Where the records below show a line containing "กูที่ได้แต่กอดตัวเอง", start copying; end with the line containing "frequent use conditioner - Image 5", and copy it too.

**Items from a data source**

--- --- ---

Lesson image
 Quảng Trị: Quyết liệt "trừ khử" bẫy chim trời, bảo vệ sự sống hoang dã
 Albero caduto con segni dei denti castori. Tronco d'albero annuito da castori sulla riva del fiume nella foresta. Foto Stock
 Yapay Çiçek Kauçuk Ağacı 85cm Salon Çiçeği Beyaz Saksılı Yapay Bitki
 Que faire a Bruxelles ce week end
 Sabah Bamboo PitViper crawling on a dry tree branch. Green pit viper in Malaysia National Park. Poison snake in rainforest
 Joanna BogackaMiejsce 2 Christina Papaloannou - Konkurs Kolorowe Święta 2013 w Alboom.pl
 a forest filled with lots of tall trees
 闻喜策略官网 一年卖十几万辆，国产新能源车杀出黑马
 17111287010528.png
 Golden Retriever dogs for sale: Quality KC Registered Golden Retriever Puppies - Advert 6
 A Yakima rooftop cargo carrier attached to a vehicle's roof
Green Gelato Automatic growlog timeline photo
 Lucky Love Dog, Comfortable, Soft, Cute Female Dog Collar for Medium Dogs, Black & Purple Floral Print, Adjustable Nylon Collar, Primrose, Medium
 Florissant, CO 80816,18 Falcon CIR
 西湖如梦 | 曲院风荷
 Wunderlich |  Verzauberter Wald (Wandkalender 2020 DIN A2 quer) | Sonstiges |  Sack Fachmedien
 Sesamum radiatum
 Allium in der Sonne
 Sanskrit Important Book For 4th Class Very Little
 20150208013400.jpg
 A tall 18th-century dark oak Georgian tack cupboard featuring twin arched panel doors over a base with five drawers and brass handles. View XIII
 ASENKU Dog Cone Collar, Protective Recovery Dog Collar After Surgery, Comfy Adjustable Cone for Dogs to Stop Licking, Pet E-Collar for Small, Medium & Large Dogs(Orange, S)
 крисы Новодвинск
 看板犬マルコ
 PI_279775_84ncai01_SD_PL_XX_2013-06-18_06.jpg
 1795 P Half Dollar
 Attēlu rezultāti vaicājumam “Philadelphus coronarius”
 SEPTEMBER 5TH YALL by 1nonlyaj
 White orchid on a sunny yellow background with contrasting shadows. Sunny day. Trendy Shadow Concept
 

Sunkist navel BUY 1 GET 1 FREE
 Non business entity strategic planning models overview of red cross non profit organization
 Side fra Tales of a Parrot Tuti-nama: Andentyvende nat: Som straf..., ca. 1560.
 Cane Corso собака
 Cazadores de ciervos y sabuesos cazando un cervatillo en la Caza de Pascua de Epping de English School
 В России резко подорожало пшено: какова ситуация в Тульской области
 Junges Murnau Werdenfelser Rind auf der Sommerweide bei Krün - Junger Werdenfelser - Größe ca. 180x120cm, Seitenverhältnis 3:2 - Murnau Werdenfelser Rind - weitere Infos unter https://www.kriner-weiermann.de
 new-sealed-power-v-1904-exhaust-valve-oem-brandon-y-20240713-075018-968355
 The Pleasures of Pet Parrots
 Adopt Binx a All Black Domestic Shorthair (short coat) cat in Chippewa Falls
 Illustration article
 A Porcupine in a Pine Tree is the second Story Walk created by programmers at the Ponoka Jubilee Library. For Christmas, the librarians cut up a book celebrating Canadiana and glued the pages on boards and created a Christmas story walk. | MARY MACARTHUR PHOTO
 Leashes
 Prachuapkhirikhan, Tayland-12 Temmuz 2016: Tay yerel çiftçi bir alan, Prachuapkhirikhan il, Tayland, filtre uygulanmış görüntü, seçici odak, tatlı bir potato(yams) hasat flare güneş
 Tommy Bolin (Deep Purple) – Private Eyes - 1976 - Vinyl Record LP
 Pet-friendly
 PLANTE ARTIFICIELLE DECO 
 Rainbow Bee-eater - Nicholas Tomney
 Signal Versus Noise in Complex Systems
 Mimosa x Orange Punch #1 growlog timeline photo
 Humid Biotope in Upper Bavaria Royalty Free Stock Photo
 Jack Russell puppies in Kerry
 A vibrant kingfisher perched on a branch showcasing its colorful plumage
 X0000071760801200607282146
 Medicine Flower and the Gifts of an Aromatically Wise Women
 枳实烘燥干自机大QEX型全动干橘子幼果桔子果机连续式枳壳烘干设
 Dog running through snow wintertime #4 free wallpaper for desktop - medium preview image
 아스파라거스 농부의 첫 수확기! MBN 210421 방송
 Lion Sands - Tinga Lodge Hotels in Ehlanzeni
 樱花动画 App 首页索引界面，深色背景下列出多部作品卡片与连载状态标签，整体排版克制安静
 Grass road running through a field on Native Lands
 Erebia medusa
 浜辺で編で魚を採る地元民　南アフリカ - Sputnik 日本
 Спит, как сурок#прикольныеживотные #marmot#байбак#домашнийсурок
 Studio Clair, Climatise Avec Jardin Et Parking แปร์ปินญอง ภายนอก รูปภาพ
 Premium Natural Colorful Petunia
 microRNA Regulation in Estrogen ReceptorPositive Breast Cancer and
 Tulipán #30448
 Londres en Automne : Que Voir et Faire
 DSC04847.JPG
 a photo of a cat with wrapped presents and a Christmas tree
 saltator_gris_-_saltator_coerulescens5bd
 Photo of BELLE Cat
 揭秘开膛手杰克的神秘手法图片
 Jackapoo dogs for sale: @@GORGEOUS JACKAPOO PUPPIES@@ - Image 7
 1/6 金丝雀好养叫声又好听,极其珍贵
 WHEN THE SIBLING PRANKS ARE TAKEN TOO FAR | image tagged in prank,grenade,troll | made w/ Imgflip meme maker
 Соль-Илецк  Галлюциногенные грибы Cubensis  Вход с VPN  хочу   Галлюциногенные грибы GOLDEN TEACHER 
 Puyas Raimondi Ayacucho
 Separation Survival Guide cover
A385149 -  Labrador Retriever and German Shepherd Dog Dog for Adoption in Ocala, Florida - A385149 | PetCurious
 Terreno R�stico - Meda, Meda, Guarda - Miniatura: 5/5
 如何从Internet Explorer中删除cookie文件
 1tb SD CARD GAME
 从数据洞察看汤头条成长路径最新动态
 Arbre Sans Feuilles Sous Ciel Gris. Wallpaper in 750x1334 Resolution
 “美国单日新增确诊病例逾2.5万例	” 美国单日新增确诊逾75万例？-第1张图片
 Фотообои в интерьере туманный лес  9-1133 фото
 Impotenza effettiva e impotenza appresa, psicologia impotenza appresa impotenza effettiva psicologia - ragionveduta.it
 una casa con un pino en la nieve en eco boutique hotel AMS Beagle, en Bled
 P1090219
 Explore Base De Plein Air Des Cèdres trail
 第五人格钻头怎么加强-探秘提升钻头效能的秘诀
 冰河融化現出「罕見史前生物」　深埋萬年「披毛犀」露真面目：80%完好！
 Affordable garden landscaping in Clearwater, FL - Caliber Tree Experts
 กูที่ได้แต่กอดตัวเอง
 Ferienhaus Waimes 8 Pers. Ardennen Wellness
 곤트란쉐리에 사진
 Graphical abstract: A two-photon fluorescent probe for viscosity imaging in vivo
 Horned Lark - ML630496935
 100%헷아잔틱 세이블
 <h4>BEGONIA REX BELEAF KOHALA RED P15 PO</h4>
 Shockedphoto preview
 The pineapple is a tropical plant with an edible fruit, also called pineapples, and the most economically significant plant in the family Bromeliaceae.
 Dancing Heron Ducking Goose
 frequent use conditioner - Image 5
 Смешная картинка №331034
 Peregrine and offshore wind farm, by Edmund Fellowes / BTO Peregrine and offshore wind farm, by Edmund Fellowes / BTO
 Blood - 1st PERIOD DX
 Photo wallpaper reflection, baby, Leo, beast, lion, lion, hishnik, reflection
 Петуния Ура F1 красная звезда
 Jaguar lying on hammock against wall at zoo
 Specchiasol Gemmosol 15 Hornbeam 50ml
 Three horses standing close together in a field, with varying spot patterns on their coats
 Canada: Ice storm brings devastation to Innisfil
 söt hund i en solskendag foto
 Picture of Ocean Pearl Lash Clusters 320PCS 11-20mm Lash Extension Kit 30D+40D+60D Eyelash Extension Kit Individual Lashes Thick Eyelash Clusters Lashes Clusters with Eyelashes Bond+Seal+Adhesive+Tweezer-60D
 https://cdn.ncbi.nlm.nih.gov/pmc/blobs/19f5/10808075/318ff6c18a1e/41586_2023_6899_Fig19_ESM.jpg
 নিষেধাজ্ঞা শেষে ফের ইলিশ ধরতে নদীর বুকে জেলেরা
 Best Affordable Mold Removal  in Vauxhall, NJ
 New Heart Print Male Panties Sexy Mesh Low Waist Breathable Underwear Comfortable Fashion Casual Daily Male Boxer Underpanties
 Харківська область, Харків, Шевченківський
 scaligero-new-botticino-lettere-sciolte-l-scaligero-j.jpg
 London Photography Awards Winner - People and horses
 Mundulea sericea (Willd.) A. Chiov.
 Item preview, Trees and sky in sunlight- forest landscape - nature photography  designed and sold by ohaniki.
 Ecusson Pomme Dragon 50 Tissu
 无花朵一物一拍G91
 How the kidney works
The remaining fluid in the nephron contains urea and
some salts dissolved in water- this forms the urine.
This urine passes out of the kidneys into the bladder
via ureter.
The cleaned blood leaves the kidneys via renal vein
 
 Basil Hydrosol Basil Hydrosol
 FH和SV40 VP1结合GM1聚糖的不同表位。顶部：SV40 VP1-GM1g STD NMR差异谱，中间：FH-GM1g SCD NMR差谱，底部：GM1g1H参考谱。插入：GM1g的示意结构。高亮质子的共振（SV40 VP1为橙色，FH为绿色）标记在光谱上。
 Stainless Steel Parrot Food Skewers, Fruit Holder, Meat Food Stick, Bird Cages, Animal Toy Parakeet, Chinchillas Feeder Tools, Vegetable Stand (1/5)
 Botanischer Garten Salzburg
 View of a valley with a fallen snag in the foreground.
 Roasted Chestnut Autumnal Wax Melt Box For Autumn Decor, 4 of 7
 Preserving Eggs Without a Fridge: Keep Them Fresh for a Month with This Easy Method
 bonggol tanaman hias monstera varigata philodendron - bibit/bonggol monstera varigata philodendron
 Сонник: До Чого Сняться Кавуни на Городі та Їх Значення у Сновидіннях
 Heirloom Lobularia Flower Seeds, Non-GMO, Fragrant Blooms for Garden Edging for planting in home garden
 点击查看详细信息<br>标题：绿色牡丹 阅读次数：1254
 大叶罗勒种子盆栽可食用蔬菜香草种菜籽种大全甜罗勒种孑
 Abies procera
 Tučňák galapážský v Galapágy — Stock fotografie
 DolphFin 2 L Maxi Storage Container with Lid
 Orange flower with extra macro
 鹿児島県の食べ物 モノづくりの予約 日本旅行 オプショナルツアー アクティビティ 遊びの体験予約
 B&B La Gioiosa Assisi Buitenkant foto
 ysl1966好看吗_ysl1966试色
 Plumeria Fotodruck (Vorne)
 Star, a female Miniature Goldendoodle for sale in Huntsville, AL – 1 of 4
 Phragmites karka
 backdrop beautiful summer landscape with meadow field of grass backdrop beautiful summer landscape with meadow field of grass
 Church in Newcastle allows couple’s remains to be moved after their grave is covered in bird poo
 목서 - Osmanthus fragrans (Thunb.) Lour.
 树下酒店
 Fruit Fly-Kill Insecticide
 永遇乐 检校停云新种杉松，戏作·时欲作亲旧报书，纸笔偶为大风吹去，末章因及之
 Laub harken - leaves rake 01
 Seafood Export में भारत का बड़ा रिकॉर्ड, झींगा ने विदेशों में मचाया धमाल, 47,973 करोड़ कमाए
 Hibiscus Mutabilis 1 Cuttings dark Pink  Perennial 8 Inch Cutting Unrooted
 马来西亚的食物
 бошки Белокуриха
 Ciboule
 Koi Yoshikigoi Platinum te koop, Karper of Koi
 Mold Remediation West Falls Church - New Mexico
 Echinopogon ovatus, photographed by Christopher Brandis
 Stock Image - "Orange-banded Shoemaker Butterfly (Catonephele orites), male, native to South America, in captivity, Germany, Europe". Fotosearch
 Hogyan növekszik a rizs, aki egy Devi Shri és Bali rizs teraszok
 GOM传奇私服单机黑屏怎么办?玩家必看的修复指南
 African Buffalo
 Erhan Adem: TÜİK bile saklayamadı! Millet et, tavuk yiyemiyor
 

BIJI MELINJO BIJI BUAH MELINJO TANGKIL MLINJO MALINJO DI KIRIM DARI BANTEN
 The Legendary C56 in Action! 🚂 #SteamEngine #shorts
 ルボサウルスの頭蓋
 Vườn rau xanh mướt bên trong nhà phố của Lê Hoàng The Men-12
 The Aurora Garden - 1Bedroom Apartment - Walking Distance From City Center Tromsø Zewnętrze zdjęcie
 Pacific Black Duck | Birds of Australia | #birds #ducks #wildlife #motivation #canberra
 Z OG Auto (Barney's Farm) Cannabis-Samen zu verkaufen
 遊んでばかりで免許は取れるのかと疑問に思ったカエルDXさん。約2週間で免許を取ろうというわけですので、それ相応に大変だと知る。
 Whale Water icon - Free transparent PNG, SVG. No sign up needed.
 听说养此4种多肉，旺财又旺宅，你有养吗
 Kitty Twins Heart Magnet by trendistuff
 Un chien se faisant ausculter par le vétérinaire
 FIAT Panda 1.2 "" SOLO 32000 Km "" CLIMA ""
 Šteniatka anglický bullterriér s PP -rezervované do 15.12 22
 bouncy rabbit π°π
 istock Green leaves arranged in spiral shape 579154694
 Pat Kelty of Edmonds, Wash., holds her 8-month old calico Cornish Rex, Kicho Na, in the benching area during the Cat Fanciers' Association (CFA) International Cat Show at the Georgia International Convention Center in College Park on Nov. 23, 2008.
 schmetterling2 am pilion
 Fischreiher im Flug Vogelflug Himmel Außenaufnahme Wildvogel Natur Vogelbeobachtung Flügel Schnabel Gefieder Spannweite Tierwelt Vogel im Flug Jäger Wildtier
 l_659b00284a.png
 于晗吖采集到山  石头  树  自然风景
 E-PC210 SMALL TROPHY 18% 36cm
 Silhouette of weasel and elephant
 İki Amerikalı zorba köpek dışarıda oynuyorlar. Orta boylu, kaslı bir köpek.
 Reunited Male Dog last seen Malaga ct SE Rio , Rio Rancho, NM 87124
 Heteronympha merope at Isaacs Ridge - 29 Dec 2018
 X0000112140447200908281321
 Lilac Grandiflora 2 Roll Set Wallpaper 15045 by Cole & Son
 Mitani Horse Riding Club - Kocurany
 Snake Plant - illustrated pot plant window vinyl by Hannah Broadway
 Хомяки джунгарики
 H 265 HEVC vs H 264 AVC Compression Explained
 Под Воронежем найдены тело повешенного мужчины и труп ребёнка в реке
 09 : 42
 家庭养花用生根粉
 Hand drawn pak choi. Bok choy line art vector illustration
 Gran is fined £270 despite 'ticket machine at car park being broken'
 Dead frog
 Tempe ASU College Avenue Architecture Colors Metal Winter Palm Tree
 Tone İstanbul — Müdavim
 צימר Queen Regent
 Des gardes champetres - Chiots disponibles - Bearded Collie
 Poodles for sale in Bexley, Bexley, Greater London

--- --- ---

**Reply**
 กูที่ได้แต่กอดตัวเอง
 Ferienhaus Waimes 8 Pers. Ardennen Wellness
 곤트란쉐리에 사진
 Graphical abstract: A two-photon fluorescent probe for viscosity imaging in vivo
 Horned Lark - ML630496935
 100%헷아잔틱 세이블
 <h4>BEGONIA REX BELEAF KOHALA RED P15 PO</h4>
 Shockedphoto preview
 The pineapple is a tropical plant with an edible fruit, also called pineapples, and the most economically significant plant in the family Bromeliaceae.
 Dancing Heron Ducking Goose
 frequent use conditioner - Image 5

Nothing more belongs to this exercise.